Türkmen, proje için Üsküdar'da bir müzenin hazırlanacağını belirterek, "İyi ki Üsküdar Var markasıyla bu koleksiyonda tanıtımı yapılan bu bebeklerin satışının yapılmasını da düşünüyoruz. Batı dünyası, kültürel anlamda bir medeniyeti yok etme adına eğitimden yola çıkmış. Bunun en önemli ayağı çocuklardır. Bugün baktığımızda günümüzde Barbie bebekler yaygın ve buna özenti var. Bu projeden en önemli muradımız, bu kültürel değerlerimizle bu kültürel erozyonun önüne geçmek.
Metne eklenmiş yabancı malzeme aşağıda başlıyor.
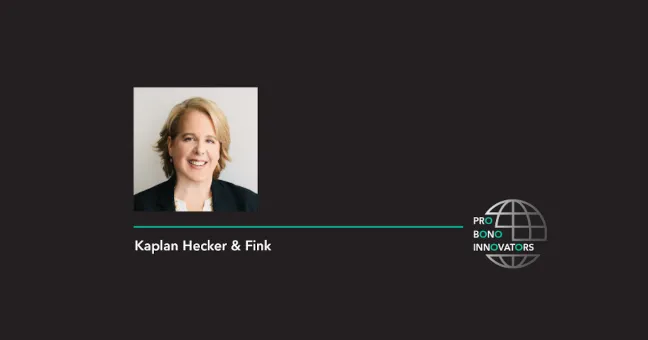 Kaplan Hecker & Fink Recognized in Bloomberg Law's Inaugural Pro Bono Innovators Special Report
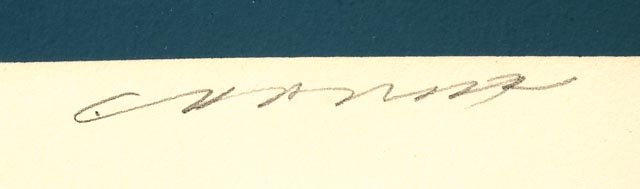 Charley Harper "Skimmerscape" Limited Edition Serigraph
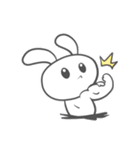 のんびりもっちりうさぎ（個別スタンプ：40）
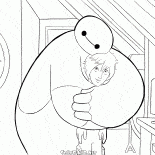 Friends Baymax and Hiro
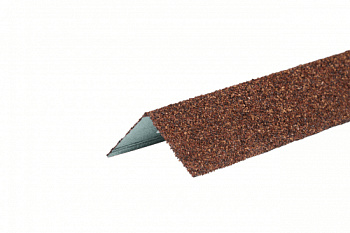 Уголок внешний металлический ТЕХНОНИКОЛЬ Hauberk 50х50х1250 терракотовый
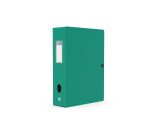 Boîte Oxford grande capacité memphis 24x32cm dos 80mm avec bouton pression couverture polypro vert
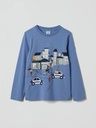 Jungen T-Shirt mit lustigem Brust-Print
Bu proje, Türkiye'de bir ilk." ifadelerini kullandı.
- "Projede doğru bilgiyi ve gerçekliği yansıtmaya çalıştık"
Eserlerin yapıldığı İstanbul Sabancı Olgunlaşma Enstitüsü Müdürü Yusuf Gürlek de "Okulumuz, geleneksel kültürü gelecek nesillere aktaracak konularda projeler gerçekleştiriyor. Bu tür projeler noktasında tecrübemiz var." dedi.
Yaklaşık bir yıl boyunca konuyla ilgili arşiv çalışmaları yapıldığını anlatan Gürlek, çalışmalar neticesinde tasarımcıların gerekli tasarımları yaptığını kaydetti.
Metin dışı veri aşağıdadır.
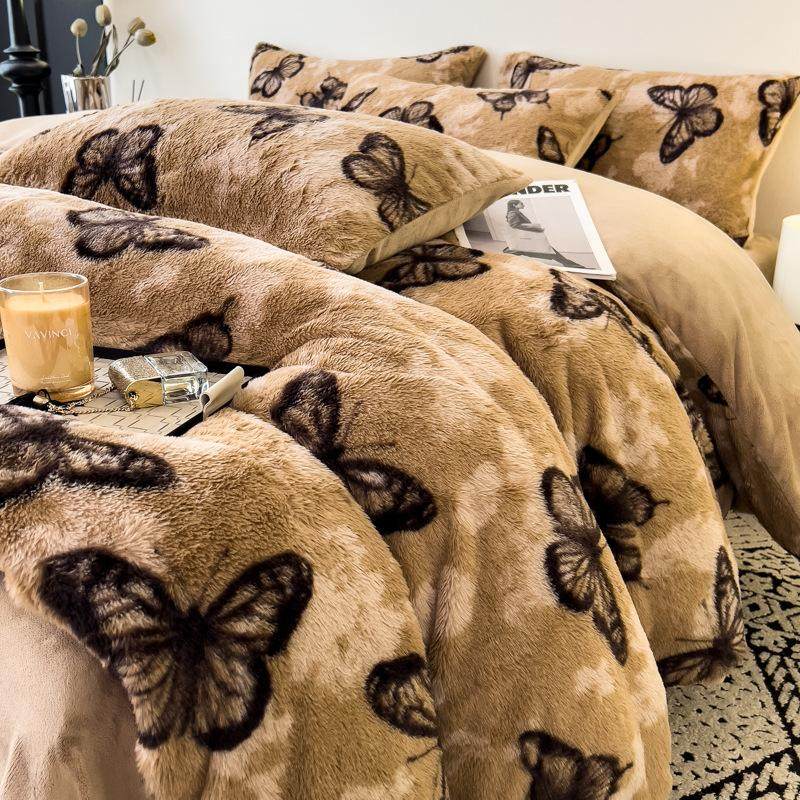 a类加厚兔毛绒被套单件冬季加厚牛奶绒被罩三件套单人法兰绒被套3,淘宝优惠券,粉丝福利购,淘宝优惠卷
Gürlek, formunu bozmadan orijinal boyutların bir bebek boyutuna indirilmesinin zor olduğuna işaret ederek, projede doğru bilgiyi ve gerçekliği yansıtmaya çalıştıklarını, bebeklerin yapımında Türk kültüründe bulunan "kitre bebek" yöntemini kullandıklarını aktardı.
Projenin danışmanlığını üstlenen Marmara Üniversitesi Sanat Tarihi Bölümü Öğretim Üyesi Yrd. Doç. Dr. Selman Can ise sahip olunan değerleri öne çıkaran bu tür projeleri desteklemenin Üsküdar'a yakışan bir davran olduğunu söyledi.
Can, Üsküdar'ın, Türklerin Suriçi'nden önce yerleştiği bir bölge olduğunu anlatarak, "Bu yüzden saray eşrafı Üsküdar ile bağlarını hiç koparmamıştır. Burası İstanbul'un mührüdür." diye konuştu.
Osmanlı Sarayına bakıldığında, Harem'in yanlış anlaşılan ve algılanan bir yer olduğunu ancak Osmanlı'da Harem'in bir eğitim merkezi olduğunu dile getiren Can, Fatih Sultan Mehmet'in, İstanbul'u Türk medeniyeti merkezi olarak tasarladığını ve bu noktada Harem'de de kadınların devlet kültürü ve adabıyla yetiştirildiğini ifade etti.
Selman Can, "İstanbul beyefendisi ve hanımefendisi tabirleri, Fatih'in idealize ettiği Saray merkezli eğitimden çıktı. Bu açıdan bakıldığında Saray hanımları devletin şefkat eli olarak da pek çok hizmeti halka sunmuşlardır. Pek çok hanı, medreseyi, çeşmeyi ve camiyi halka götürmüşler ve 'Sultan'ın validesi halkın da validesidir' anlayışını yaymışlardır. 'Neden bu proje burada gerçekleşti?' sorusunun cevabı da budur. Üsküdar hanım sultanların şehridir." değerlendirmesinde bulundu.
İlerleyen günlerde, farklı tarihsel kimliklerin eklenmesiyle koleksiyonun bir sergiye dönüştürüleceği kaydedildi.